## TASK STATEMENT
Copy out and return the lines from the one holding "An 18th century" to the end of the listing below, both included, omitting the pictures.
*** Opening MATERIAL SUPPLIED ***
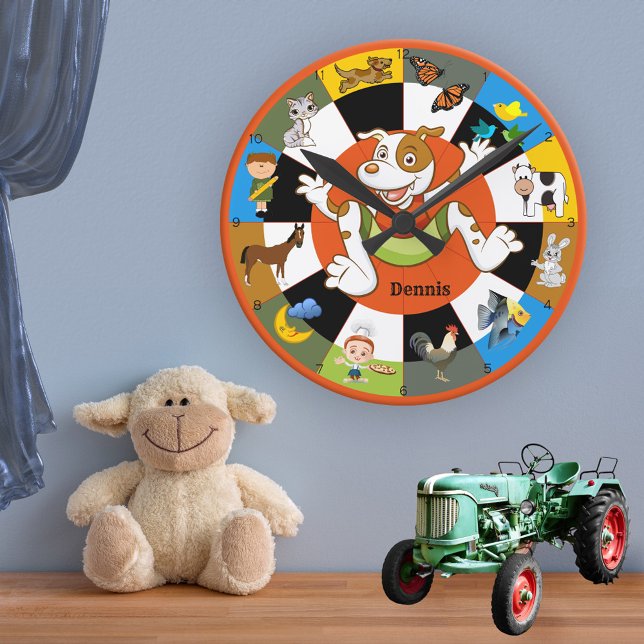 Cute Colorful Kids Animal Wall Clock Stor Klocka (Skapare uppladdad)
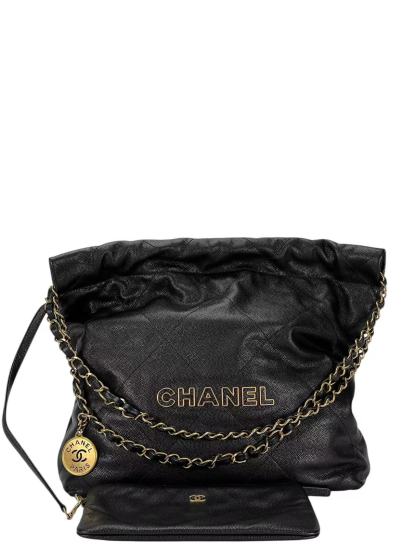 CHANEL - 22 Small Bag Black Caviar Gold Hardware 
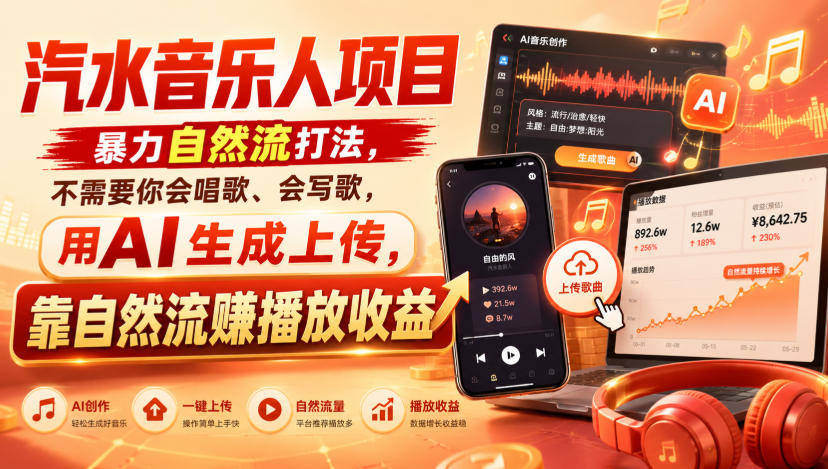 汽水音乐人项目,*自然流打法,不需要你会唱歌、会写歌,用AI生成上传,靠自然流賺播放收益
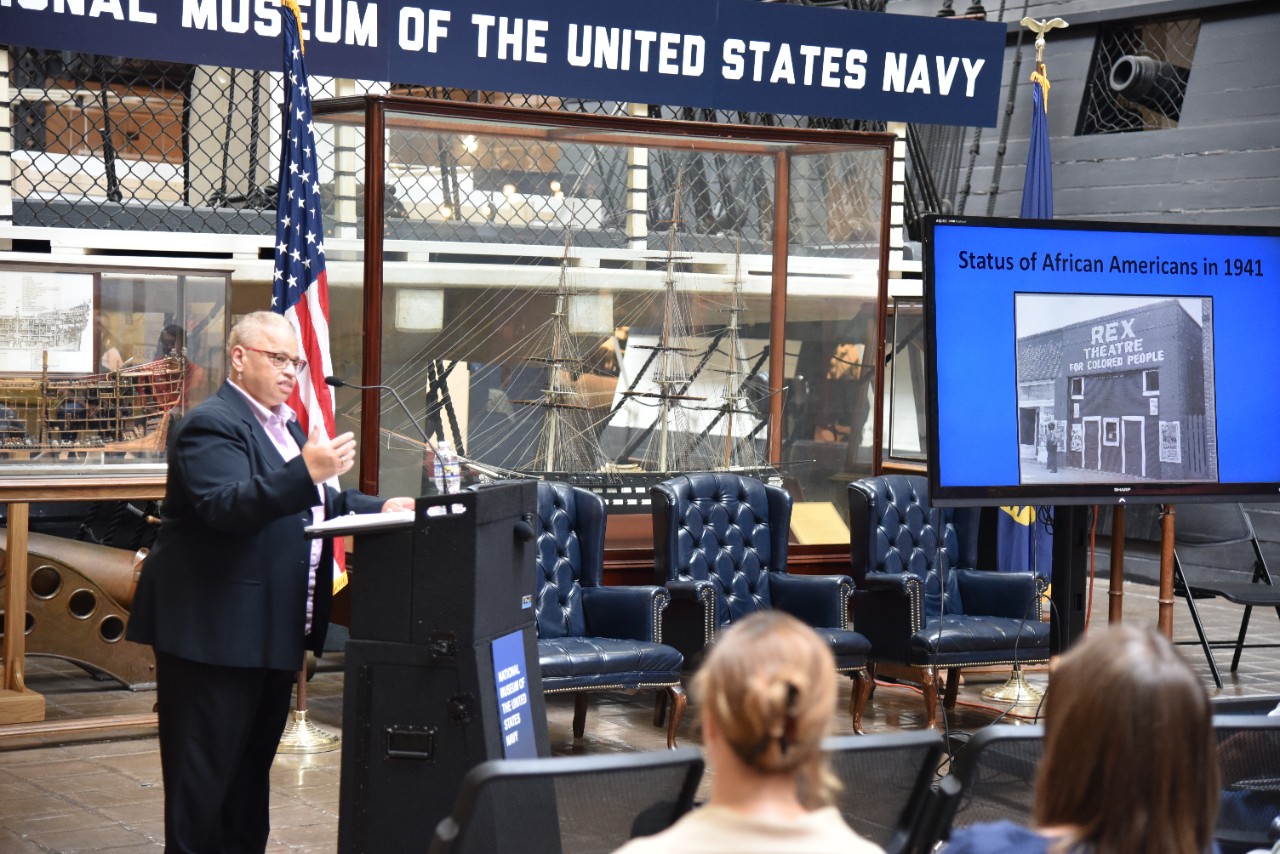 Dr. Regina T. Akers giving her lecture at the National Museum of the U.S. Navy on August 10, 2023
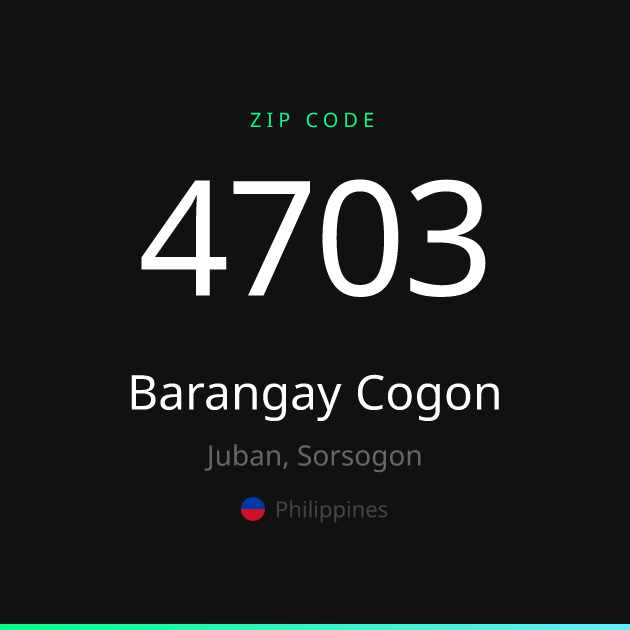 Shareable ZIP code 4703 card for Barangay Cogon, dark theme
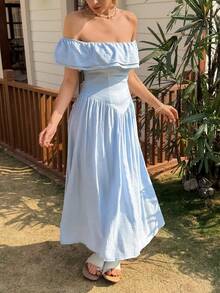 Livesso Vestido midi elegante de hombros descubiertos con volantes para fiestas, vacaciones, bodas y eventos, vestido de verano - Azul - Ver 3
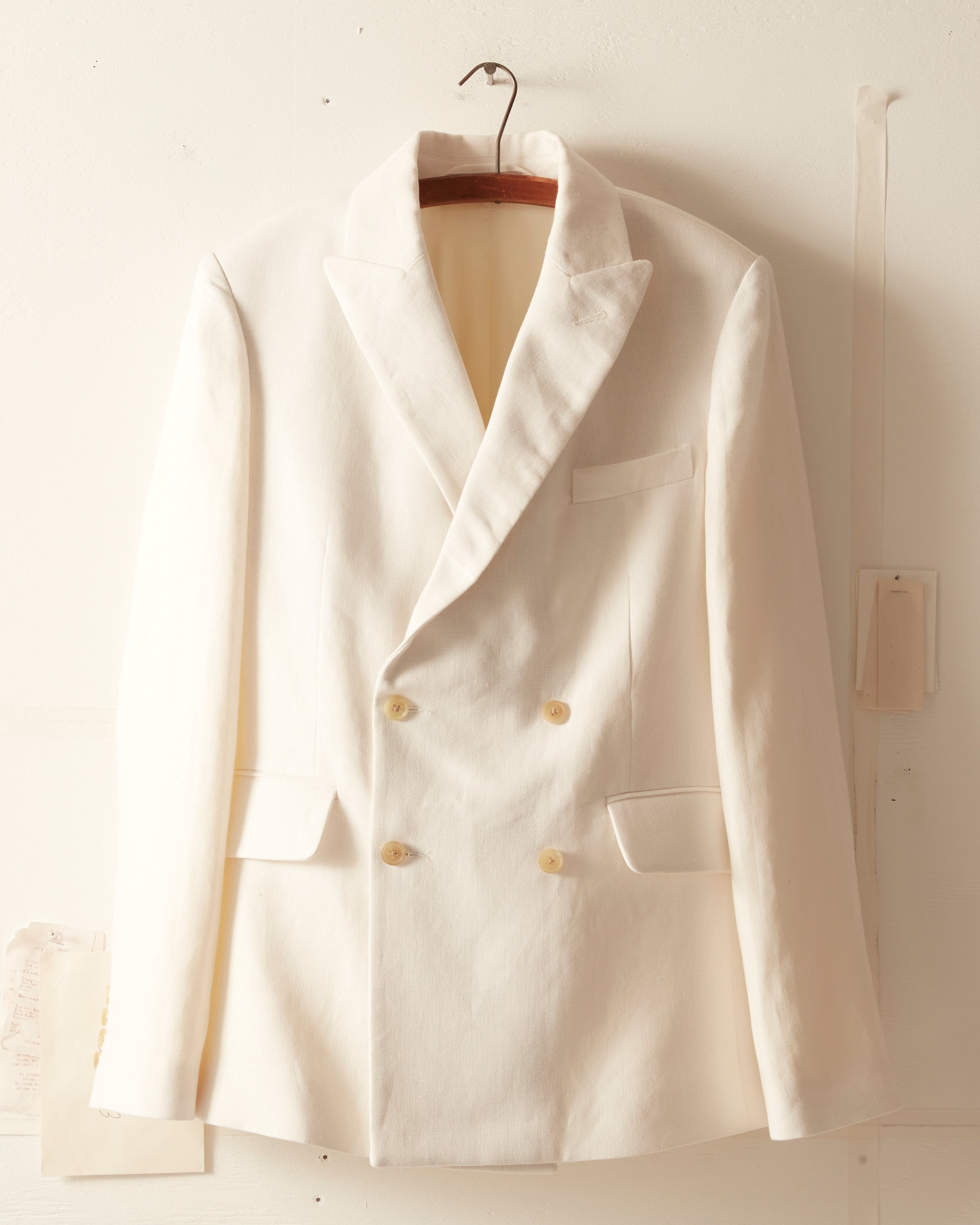 Linen Double-Breasted Suit Jacket - Ivory – BODE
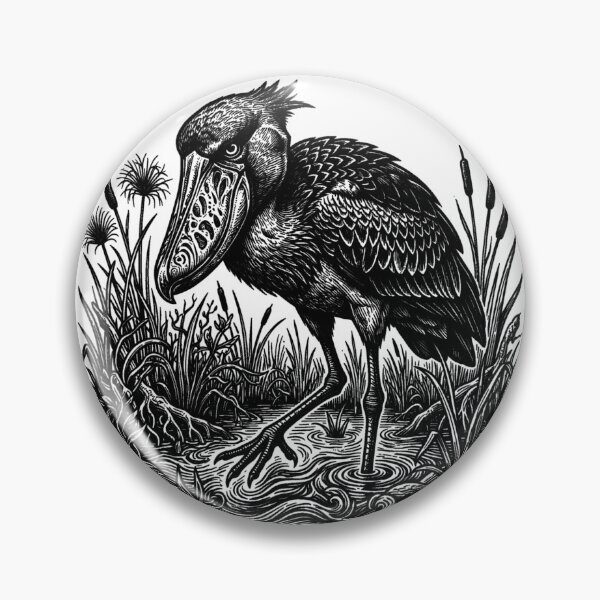 Item preview, Vintage Woodcut Shoebill Stork Illustration designed and sold by DuckOddity.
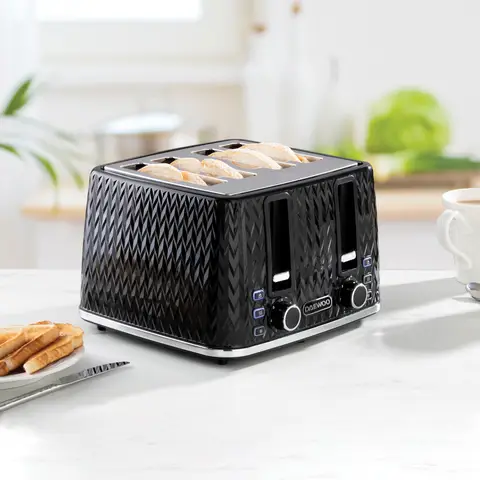 DAEWOO Argyle 4 Slice Toaster, Wide Slots, Black - SDA1863GE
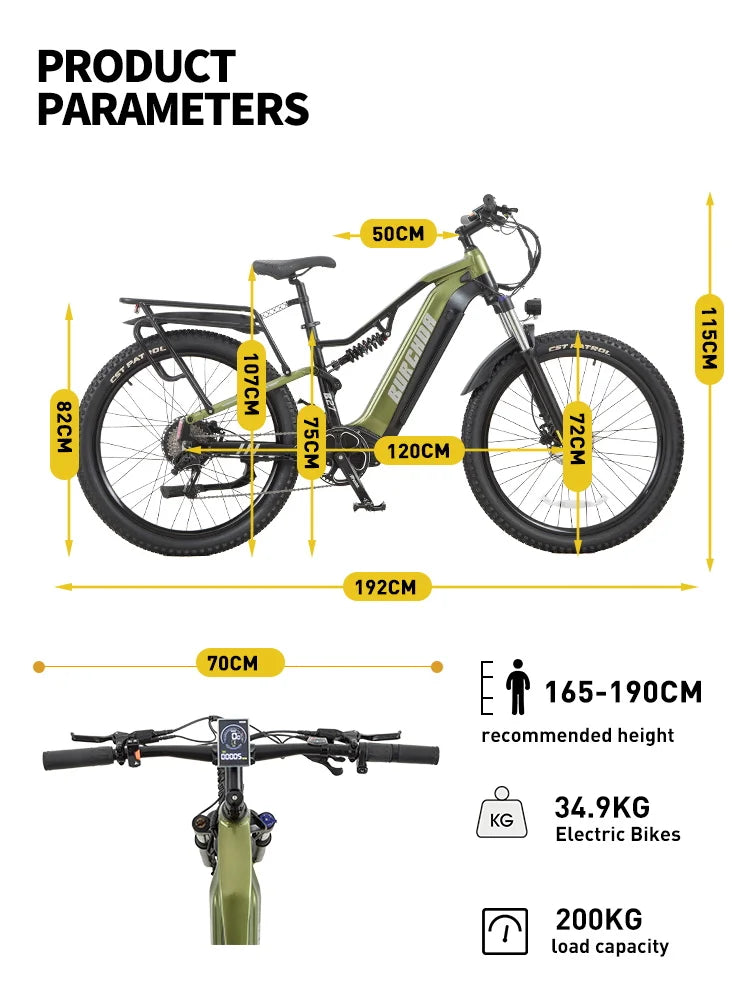 Burchda B27 26" 48V 1000W 20Ah E-MTB Electric Mountain Bike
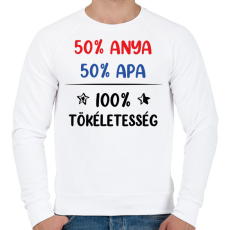 PRINTFASHION 100% tökéletesség - Férfi pulóver - Fehér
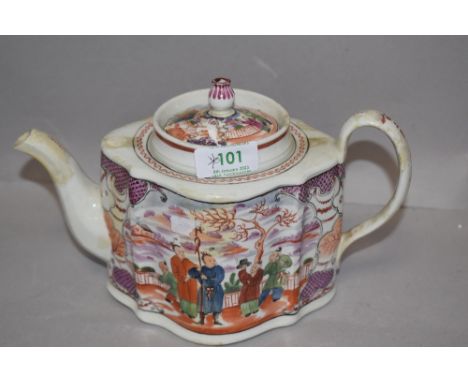 An 18th century English porcelain teapot, possibly Newhall, in the commode shape with Chinoiserie pattern having had professi
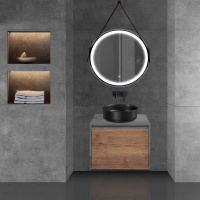 База под накладную раковину Mesa 600 подвесная, 1 выкатной/1 скрытый ящик soft close, T.Oak + Beton - Gidratop.ru изображение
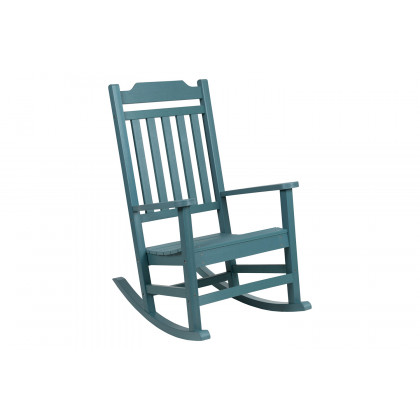 BLNK Winston All-Weather Poly Resin Rocking Chairs with Accent Side Table Set of 2 - Teal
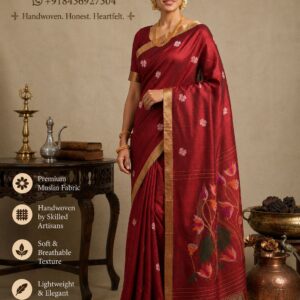 PURE MASLIN TANTOOJ - MAROON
*** Closing MATERIAL SUPPLIED ***
## TASK RESPONSE
 An 18th century English porcelain teapot, possibly Newhall, in the commode shape with Chinoiserie pattern having had professi
 База под накладную раковину Mesa 600 подвесная, 1 выкатной/1 скрытый ящик soft close, T.Oak + Beton - Gidratop.ru изображение
 BLNK Winston All-Weather Poly Resin Rocking Chairs with Accent Side Table Set of 2 - Teal
 PURE MASLIN TANTOOJ - MAROON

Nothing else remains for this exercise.